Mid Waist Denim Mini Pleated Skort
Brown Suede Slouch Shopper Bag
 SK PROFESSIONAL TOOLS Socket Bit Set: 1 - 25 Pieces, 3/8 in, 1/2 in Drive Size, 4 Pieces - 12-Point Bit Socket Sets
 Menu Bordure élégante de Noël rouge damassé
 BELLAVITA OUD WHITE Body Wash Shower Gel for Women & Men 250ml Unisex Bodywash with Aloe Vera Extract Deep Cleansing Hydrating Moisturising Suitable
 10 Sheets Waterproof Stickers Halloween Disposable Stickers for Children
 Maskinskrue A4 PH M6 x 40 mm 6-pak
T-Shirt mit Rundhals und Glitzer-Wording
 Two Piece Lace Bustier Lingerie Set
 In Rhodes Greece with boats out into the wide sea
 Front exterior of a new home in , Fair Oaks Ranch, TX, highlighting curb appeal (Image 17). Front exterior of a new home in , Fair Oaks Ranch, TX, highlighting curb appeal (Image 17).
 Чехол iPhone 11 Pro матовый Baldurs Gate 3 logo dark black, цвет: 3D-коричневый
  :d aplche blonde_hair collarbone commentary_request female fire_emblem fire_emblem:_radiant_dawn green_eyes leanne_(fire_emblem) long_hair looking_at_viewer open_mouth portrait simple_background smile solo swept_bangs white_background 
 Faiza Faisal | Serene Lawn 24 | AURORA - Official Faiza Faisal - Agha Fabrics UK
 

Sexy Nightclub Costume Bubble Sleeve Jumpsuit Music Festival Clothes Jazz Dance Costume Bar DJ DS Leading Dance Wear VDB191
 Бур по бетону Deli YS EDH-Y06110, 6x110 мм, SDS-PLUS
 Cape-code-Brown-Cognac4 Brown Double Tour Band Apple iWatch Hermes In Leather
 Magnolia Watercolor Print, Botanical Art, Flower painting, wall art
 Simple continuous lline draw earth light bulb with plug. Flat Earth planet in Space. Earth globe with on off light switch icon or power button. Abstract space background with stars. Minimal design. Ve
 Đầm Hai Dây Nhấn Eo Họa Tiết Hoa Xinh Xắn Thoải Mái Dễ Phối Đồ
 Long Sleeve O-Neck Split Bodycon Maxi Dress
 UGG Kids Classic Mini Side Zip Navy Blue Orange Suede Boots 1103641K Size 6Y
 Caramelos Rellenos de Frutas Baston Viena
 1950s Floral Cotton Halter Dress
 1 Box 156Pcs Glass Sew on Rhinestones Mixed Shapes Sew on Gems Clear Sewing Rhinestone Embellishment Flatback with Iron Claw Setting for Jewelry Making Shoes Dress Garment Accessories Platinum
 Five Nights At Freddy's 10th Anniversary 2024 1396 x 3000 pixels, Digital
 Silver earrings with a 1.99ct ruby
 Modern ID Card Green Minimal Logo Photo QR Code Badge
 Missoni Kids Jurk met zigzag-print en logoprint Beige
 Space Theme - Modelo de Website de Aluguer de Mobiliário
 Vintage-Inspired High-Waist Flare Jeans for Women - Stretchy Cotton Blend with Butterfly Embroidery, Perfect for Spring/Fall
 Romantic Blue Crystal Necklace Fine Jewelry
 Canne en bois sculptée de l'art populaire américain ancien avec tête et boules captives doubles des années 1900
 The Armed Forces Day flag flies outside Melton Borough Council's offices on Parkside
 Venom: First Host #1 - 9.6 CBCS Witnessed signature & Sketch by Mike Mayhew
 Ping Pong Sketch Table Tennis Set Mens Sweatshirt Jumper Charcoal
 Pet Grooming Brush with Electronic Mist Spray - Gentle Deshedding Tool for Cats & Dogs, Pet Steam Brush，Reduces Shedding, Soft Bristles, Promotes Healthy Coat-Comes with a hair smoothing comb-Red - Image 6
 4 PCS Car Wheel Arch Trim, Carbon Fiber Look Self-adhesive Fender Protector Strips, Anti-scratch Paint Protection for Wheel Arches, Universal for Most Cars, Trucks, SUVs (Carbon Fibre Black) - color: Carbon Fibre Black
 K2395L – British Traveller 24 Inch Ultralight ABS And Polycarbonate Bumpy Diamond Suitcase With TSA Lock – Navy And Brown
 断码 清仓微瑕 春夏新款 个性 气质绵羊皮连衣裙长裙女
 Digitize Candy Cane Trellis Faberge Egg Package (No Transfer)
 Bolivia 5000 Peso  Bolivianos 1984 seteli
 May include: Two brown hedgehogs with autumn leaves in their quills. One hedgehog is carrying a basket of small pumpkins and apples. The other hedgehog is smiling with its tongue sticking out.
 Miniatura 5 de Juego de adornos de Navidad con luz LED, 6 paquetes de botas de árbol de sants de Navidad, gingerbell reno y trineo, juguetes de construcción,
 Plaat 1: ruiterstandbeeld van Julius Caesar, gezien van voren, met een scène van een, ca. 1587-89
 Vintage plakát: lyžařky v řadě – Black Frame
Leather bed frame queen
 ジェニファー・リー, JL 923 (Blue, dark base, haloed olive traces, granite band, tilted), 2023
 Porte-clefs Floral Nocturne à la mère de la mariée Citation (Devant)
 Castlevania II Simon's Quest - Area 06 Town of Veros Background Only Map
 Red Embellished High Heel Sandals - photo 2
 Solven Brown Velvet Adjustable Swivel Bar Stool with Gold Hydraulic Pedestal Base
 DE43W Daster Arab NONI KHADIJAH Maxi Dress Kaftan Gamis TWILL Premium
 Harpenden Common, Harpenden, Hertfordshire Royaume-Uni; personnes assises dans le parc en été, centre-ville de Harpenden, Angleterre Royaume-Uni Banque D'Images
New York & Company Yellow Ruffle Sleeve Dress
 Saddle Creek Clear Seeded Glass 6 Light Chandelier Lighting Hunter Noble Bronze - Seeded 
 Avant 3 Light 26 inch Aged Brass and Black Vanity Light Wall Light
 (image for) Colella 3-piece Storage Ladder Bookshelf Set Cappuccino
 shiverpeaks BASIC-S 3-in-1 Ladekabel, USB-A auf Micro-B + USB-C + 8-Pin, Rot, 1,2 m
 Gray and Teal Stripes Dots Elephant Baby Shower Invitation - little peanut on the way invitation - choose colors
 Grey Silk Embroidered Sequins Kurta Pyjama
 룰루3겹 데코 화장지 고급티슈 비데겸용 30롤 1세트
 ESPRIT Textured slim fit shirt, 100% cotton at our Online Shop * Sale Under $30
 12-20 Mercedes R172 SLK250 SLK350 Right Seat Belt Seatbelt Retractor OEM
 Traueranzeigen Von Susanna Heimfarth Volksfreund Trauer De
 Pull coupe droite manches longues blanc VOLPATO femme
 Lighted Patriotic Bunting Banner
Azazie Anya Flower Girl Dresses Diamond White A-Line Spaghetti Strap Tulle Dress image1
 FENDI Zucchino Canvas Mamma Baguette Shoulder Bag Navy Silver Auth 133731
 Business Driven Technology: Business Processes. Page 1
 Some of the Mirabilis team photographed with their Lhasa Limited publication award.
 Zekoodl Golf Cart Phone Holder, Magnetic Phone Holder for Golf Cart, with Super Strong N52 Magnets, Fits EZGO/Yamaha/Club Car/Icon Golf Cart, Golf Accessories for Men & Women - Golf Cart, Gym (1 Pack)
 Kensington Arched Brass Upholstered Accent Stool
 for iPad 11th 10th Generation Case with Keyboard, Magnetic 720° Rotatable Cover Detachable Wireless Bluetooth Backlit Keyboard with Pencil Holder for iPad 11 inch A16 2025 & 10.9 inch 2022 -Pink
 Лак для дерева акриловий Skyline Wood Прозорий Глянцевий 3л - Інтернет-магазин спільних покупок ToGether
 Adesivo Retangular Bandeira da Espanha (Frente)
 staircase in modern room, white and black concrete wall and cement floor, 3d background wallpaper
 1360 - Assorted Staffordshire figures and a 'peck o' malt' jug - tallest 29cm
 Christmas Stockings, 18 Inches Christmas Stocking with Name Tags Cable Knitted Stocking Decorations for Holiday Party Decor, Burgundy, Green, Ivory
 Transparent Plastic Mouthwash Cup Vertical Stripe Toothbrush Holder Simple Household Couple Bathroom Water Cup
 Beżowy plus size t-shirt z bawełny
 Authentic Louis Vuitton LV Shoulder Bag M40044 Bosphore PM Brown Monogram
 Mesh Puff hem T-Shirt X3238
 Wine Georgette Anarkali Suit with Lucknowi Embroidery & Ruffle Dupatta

What you will do: Please print the lines from the start of the records up to and including the line with "In Rhodes Greece", copying each one exactly and leaving out the rest.

Answer box:
Mid Waist Denim Mini Pleated Skort
Brown Suede Slouch Shopper Bag
 SK PROFESSIONAL TOOLS Socket Bit Set: 1 - 25 Pieces, 3/8 in, 1/2 in Drive Size, 4 Pieces - 12-Point Bit Socket Sets
 Menu Bordure élégante de Noël rouge damassé
 BELLAVITA OUD WHITE Body Wash Shower Gel for Women & Men 250ml Unisex Bodywash with Aloe Vera Extract Deep Cleansing Hydrating Moisturising Suitable
 10 Sheets Waterproof Stickers Halloween Disposable Stickers for Children
 Maskinskrue A4 PH M6 x 40 mm 6-pak
T-Shirt mit Rundhals und Glitzer-Wording
 Two Piece Lace Bustier Lingerie Set
 In Rhodes Greece with boats out into the wide sea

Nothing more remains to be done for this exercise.